Goal of the exercise
Repeat the entries exactly. Leave nothing out.

[[ Material to process, beginning ]]

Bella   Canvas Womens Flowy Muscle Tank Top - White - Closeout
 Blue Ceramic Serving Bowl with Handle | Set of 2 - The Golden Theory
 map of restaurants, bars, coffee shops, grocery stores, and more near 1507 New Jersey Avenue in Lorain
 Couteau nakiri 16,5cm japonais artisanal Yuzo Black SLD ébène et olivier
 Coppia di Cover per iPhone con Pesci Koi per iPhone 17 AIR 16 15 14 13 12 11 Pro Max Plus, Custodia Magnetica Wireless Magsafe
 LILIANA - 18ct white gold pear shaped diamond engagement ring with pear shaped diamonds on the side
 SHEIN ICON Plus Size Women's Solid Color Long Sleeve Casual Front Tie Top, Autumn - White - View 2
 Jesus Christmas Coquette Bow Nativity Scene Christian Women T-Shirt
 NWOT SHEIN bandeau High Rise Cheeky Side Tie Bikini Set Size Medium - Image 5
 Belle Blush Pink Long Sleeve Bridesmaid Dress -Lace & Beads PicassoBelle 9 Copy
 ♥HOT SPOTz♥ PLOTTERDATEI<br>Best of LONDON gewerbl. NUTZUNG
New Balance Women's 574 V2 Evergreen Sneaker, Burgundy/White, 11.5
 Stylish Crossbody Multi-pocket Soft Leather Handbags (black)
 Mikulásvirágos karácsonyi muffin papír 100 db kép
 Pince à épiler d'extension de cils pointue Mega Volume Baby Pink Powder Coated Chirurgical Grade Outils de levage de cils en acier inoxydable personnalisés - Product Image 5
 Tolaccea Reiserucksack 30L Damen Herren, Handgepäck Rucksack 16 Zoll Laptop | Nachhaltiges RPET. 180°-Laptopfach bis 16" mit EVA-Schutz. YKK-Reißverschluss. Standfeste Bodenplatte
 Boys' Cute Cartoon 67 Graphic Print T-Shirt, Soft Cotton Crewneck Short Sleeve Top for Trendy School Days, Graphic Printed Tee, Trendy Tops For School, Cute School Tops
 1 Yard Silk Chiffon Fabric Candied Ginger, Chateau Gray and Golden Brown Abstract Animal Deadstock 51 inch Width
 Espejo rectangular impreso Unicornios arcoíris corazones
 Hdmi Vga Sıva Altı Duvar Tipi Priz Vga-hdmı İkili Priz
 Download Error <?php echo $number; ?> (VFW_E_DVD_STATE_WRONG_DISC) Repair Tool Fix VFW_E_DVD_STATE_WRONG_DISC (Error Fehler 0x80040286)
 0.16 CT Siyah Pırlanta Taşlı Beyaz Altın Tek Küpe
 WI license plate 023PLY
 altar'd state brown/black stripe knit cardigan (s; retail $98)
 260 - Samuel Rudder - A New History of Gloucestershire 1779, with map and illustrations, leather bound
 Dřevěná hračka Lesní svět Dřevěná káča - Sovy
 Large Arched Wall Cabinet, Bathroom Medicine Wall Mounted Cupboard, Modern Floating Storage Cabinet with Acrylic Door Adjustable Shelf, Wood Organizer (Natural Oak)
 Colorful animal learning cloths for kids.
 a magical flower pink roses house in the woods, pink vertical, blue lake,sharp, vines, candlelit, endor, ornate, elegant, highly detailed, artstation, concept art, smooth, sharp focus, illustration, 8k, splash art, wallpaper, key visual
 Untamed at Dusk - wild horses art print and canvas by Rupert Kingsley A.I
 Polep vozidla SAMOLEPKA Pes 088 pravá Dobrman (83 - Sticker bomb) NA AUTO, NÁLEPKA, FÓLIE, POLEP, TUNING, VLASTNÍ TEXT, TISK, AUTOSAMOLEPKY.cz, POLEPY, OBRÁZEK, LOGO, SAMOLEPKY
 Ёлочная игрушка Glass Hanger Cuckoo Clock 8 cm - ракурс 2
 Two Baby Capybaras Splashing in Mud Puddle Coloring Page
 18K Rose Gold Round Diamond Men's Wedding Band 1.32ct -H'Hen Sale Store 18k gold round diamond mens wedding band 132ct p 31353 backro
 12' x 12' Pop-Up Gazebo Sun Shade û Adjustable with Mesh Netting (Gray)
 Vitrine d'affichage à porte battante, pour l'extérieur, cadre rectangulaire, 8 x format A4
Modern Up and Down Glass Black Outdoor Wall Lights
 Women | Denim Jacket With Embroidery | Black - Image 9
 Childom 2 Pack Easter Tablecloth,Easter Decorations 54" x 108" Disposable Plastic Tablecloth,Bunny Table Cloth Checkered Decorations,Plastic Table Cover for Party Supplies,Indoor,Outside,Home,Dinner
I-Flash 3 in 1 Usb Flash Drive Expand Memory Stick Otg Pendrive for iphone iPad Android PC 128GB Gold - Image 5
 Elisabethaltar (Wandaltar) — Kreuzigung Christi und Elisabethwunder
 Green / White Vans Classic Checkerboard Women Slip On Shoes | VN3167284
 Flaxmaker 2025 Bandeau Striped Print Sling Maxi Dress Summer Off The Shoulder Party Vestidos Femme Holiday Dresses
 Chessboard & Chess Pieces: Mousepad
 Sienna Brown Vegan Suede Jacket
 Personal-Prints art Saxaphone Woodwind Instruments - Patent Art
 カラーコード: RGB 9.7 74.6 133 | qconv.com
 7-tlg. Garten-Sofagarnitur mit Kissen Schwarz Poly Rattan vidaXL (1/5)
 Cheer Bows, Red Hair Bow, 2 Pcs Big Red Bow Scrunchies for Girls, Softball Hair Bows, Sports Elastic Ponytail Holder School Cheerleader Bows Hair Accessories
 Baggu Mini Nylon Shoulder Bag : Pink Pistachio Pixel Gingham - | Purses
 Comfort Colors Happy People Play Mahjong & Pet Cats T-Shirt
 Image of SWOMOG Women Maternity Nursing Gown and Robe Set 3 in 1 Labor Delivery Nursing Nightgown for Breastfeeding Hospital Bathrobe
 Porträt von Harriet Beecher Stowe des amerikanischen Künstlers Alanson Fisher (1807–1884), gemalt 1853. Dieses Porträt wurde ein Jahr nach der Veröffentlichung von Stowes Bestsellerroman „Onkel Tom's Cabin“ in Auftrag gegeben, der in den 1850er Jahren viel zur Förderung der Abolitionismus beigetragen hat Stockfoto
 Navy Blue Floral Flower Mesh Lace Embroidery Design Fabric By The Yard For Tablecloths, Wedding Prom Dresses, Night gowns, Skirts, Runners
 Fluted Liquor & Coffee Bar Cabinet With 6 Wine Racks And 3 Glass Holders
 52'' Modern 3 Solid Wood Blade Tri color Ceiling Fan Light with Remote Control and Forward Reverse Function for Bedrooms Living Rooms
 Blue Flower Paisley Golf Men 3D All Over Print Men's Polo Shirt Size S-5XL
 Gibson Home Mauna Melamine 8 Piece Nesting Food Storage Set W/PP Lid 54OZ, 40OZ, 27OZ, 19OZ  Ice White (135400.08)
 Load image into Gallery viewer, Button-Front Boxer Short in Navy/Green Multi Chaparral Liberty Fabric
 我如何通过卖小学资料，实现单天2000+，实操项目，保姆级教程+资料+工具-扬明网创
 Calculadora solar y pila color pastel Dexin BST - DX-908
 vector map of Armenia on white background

[[ Material to process, end ]]

Written response
Bella   Canvas Womens Flowy Muscle Tank Top - White - Closeout
 Blue Ceramic Serving Bowl with Handle | Set of 2 - The Golden Theory
 map of restaurants, bars, coffee shops, grocery stores, and more near 1507 New Jersey Avenue in Lorain
 Couteau nakiri 16,5cm japonais artisanal Yuzo Black SLD ébène et olivier
 Coppia di Cover per iPhone con Pesci Koi per iPhone 17 AIR 16 15 14 13 12 11 Pro Max Plus, Custodia Magnetica Wireless Magsafe
 LILIANA - 18ct white gold pear shaped diamond engagement ring with pear shaped diamonds on the side
 SHEIN ICON Plus Size Women's Solid Color Long Sleeve Casual Front Tie Top, Autumn - White - View 2
 Jesus Christmas Coquette Bow Nativity Scene Christian Women T-Shirt
 NWOT SHEIN bandeau High Rise Cheeky Side Tie Bikini Set Size Medium - Image 5
 Belle Blush Pink Long Sleeve Bridesmaid Dress -Lace & Beads PicassoBelle 9 Copy
 ♥HOT SPOTz♥ PLOTTERDATEI<br>Best of LONDON gewerbl. NUTZUNG
New Balance Women's 574 V2 Evergreen Sneaker, Burgundy/White, 11.5
 Stylish Crossbody Multi-pocket Soft Leather Handbags (black)
 Mikulásvirágos karácsonyi muffin papír 100 db kép
 Pince à épiler d'extension de cils pointue Mega Volume Baby Pink Powder Coated Chirurgical Grade Outils de levage de cils en acier inoxydable personnalisés - Product Image 5
 Tolaccea Reiserucksack 30L Damen Herren, Handgepäck Rucksack 16 Zoll Laptop | Nachhaltiges RPET. 180°-Laptopfach bis 16" mit EVA-Schutz. YKK-Reißverschluss. Standfeste Bodenplatte
 Boys' Cute Cartoon 67 Graphic Print T-Shirt, Soft Cotton Crewneck Short Sleeve Top for Trendy School Days, Graphic Printed Tee, Trendy Tops For School, Cute School Tops
 1 Yard Silk Chiffon Fabric Candied Ginger, Chateau Gray and Golden Brown Abstract Animal Deadstock 51 inch Width
 Espejo rectangular impreso Unicornios arcoíris corazones
 Hdmi Vga Sıva Altı Duvar Tipi Priz Vga-hdmı İkili Priz
 Download Error <?php echo $number; ?> (VFW_E_DVD_STATE_WRONG_DISC) Repair Tool Fix VFW_E_DVD_STATE_WRONG_DISC (Error Fehler 0x80040286)
 0.16 CT Siyah Pırlanta Taşlı Beyaz Altın Tek Küpe
 WI license plate 023PLY
 altar'd state brown/black stripe knit cardigan (s; retail $98)
 260 - Samuel Rudder - A New History of Gloucestershire 1779, with map and illustrations, leather bound
 Dřevěná hračka Lesní svět Dřevěná káča - Sovy
 Large Arched Wall Cabinet, Bathroom Medicine Wall Mounted Cupboard, Modern Floating Storage Cabinet with Acrylic Door Adjustable Shelf, Wood Organizer (Natural Oak)
 Colorful animal learning cloths for kids.
 a magical flower pink roses house in the woods, pink vertical, blue lake,sharp, vines, candlelit, endor, ornate, elegant, highly detailed, artstation, concept art, smooth, sharp focus, illustration, 8k, splash art, wallpaper, key visual
 Untamed at Dusk - wild horses art print and canvas by Rupert Kingsley A.I
 Polep vozidla SAMOLEPKA Pes 088 pravá Dobrman (83 - Sticker bomb) NA AUTO, NÁLEPKA, FÓLIE, POLEP, TUNING, VLASTNÍ TEXT, TISK, AUTOSAMOLEPKY.cz, POLEPY, OBRÁZEK, LOGO, SAMOLEPKY
 Ёлочная игрушка Glass Hanger Cuckoo Clock 8 cm - ракурс 2
 Two Baby Capybaras Splashing in Mud Puddle Coloring Page
 18K Rose Gold Round Diamond Men's Wedding Band 1.32ct -H'Hen Sale Store 18k gold round diamond mens wedding band 132ct p 31353 backro
 12' x 12' Pop-Up Gazebo Sun Shade û Adjustable with Mesh Netting (Gray)
 Vitrine d'affichage à porte battante, pour l'extérieur, cadre rectangulaire, 8 x format A4
Modern Up and Down Glass Black Outdoor Wall Lights
 Women | Denim Jacket With Embroidery | Black - Image 9
 Childom 2 Pack Easter Tablecloth,Easter Decorations 54" x 108" Disposable Plastic Tablecloth,Bunny Table Cloth Checkered Decorations,Plastic Table Cover for Party Supplies,Indoor,Outside,Home,Dinner
I-Flash 3 in 1 Usb Flash Drive Expand Memory Stick Otg Pendrive for iphone iPad Android PC 128GB Gold - Image 5
 Elisabethaltar (Wandaltar) — Kreuzigung Christi und Elisabethwunder
 Green / White Vans Classic Checkerboard Women Slip On Shoes | VN3167284
 Flaxmaker 2025 Bandeau Striped Print Sling Maxi Dress Summer Off The Shoulder Party Vestidos Femme Holiday Dresses
 Chessboard & Chess Pieces: Mousepad
 Sienna Brown Vegan Suede Jacket
 Personal-Prints art Saxaphone Woodwind Instruments - Patent Art
 カラーコード: RGB 9.7 74.6 133 | qconv.com
 7-tlg. Garten-Sofagarnitur mit Kissen Schwarz Poly Rattan vidaXL (1/5)
 Cheer Bows, Red Hair Bow, 2 Pcs Big Red Bow Scrunchies for Girls, Softball Hair Bows, Sports Elastic Ponytail Holder School Cheerleader Bows Hair Accessories
 Baggu Mini Nylon Shoulder Bag : Pink Pistachio Pixel Gingham - | Purses
 Comfort Colors Happy People Play Mahjong & Pet Cats T-Shirt
 Image of SWOMOG Women Maternity Nursing Gown and Robe Set 3 in 1 Labor Delivery Nursing Nightgown for Breastfeeding Hospital Bathrobe
 Porträt von Harriet Beecher Stowe des amerikanischen Künstlers Alanson Fisher (1807–1884), gemalt 1853. Dieses Porträt wurde ein Jahr nach der Veröffentlichung von Stowes Bestsellerroman „Onkel Tom's Cabin“ in Auftrag gegeben, der in den 1850er Jahren viel zur Förderung der Abolitionismus beigetragen hat Stockfoto
 Navy Blue Floral Flower Mesh Lace Embroidery Design Fabric By The Yard For Tablecloths, Wedding Prom Dresses, Night gowns, Skirts, Runners
 Fluted Liquor & Coffee Bar Cabinet With 6 Wine Racks And 3 Glass Holders
 52'' Modern 3 Solid Wood Blade Tri color Ceiling Fan Light with Remote Control and Forward Reverse Function for Bedrooms Living Rooms
 Blue Flower Paisley Golf Men 3D All Over Print Men's Polo Shirt Size S-5XL
 Gibson Home Mauna Melamine 8 Piece Nesting Food Storage Set W/PP Lid 54OZ, 40OZ, 27OZ, 19OZ  Ice White (135400.08)
 Load image into Gallery viewer, Button-Front Boxer Short in Navy/Green Multi Chaparral Liberty Fabric
 我如何通过卖小学资料，实现单天2000+，实操项目，保姆级教程+资料+工具-扬明网创
 Calculadora solar y pila color pastel Dexin BST - DX-908
 vector map of Armenia on white background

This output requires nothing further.